Masco Cabinetry moving corporate HQ, 350 jobs to ex-Flint Ink building in Ann Arbor Township

By Nathan Bomey

flint ink 1.jpg

The former Flint Ink building at Dixboro Road at Arrowhead in Ann Arbor Township this morning.

This story has been updated.

Consumer product manufacturer Masco Corp. is close to announcing that it will consolidate at least 350 workers into a new research-and-development operation at the former Flint Ink facility in Ann Arbor Township, has learned.

Masco plans to transfer 350 workers from facilities in Middlefield, Ohio and Adrian, Mich. to the long-dormant Flint Ink building. The company also plans to add another 100 jobs at the site over the next five years, according to a tax abatement application filed with the township.

The site will serve as the corporate headquarters for Masco Cabinetry Co., a new consolidated division of the $7.79 billion Taylor-based corporate giant's Retail Cabinet Group and Builder Cabinet Group.

Masco Corp.

Headquarters: Taylor, Mich.

Company profile: Five divisions manufacture, distribute and install home improvement products.

Brands include: Delta and Peerless plumbing products, Behr Paint, Merillat and Kraftmaid cabinets

Ticker: MAS on the New York Stock Exchange

Market cap: $5.43 billion

2009 sales: $7.8 billion, down from $9.5 billion in 2008

Full time employees: 35,000

Masco has filed a $7.75 million tax abatement application with Ann Arbor Township to locate its operation in the empty 150,000-square-foot building, located on Arrowhead Drive off Dixboro Road southwest of Plymouth Road.

“Existing multi-use office and research & development facility, after extensive remodeling, will be used by the applicant as a consolidated corporate headquarters and product research & development innovation center,” according to the firm’s tax abatement application.

Masco announced in February that it would consolidate at least 327 employees into one facility.

Lawrence Leaman, a vice president of Masco Cabinetry Co., whose name was listed on the firm’s tax abatement application, declined to offer details about the firm’s plans.

“What’s been publicly disclosed at this time is that we’re essentially reviewing possible sites in the state of Michigan and the state of Ohio,” he said this morning. “We’re still formulating the entire decision-making process.”

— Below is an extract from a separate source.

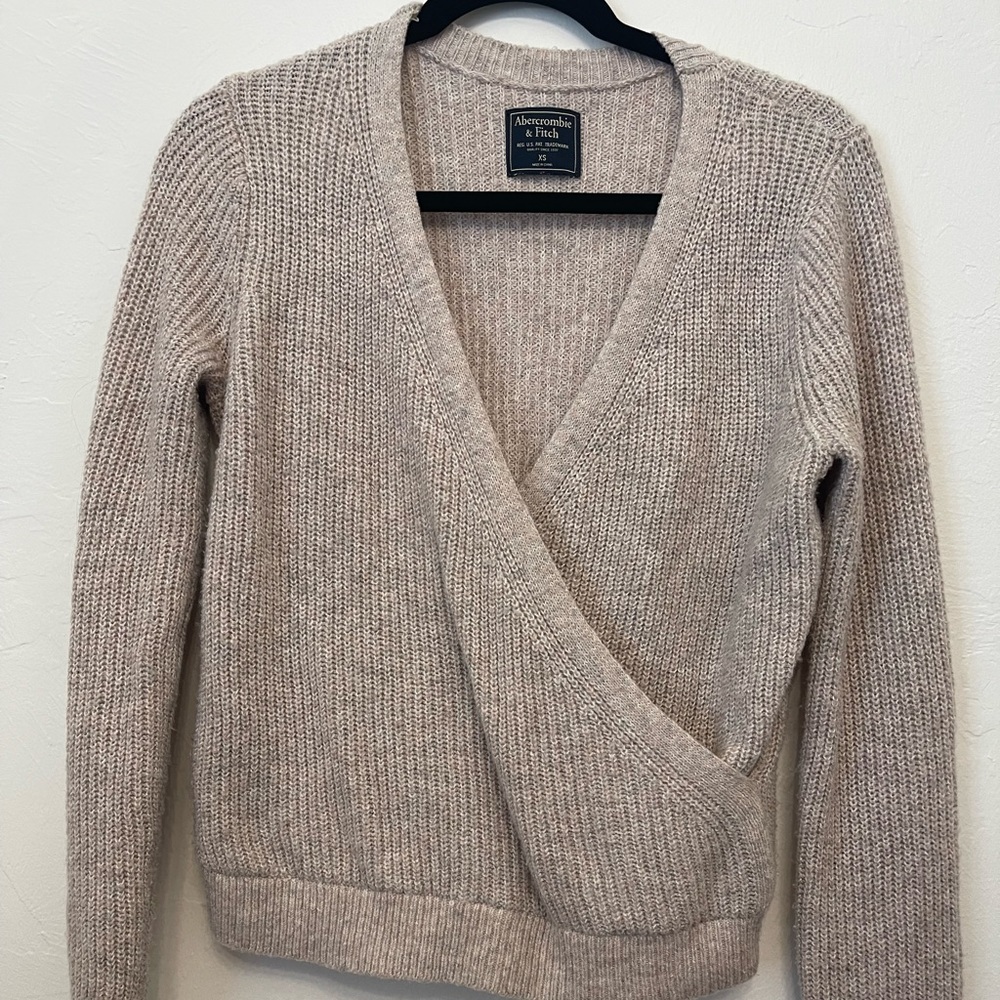 Abercrombie knit top sz XS.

Ann Arbor Township Supervisor Michael Moran declined to comment.

The Flint Ink building has been listed for $12 million with CB Richard Ellis, based in Southfield. It was built in 1986 on 27 acres as a corporate headquarters. The facility has about 66,000 square feet dedicated to research space, with nearly 85,000 square feet in a three-story office wing and room for expansion.

According to marketing materials, the lab could be converted to office use. The building also has a cafeteria, fitness center, executive parking garage, auditorium and shipping/receiving docks.

Masco Cabinetry plans to spend $4 million on land and building improvements. That includes $2 million to add 40,000 square feet of office space, $1.4 million to remodel offices and an R&D laboratory, and $300,000 to demolish a lab.

The firm also plans to house $3.75 million in equipment and office fixtures, including $2.5 million for research equipment, $1 million in computers and servers and $250,000 in office equipment.

Masco's sales fell along with home sales during the economic downturn, but company officials took several steps to maintain viability:

• It closed 17 manufacturing facilities from 2006-2008. • It cut employment by 23,000, or 40 percent of the North American workforce, during the same timeframe. • It reduced its dividend by about 2/3.

As a result, the company ended 2008 with over $1 billion in cash, according to the annual report. And that grew to $1.4 billion by the end of 2009.

One of the facilities closed by the company was a Merillat factory in Adrian, said Jim Gartin, president and CEO of the Lenawee Economic Development Corp.

"It was pretty clear at that point that the headquarters was next," Gartin said.

Relocation options included sites in Southeast Michigan and Ohio, Gartin said, and he said he and his staff expressed hope that the 200 employees in Adrian, located southwest of Ann Arbor in Lenawee County, would be able to commute to the new facility.

"We were very supportive of the Ann Arbor location because we felt many more employees would be (able to stay in Michigan)," Gartin said.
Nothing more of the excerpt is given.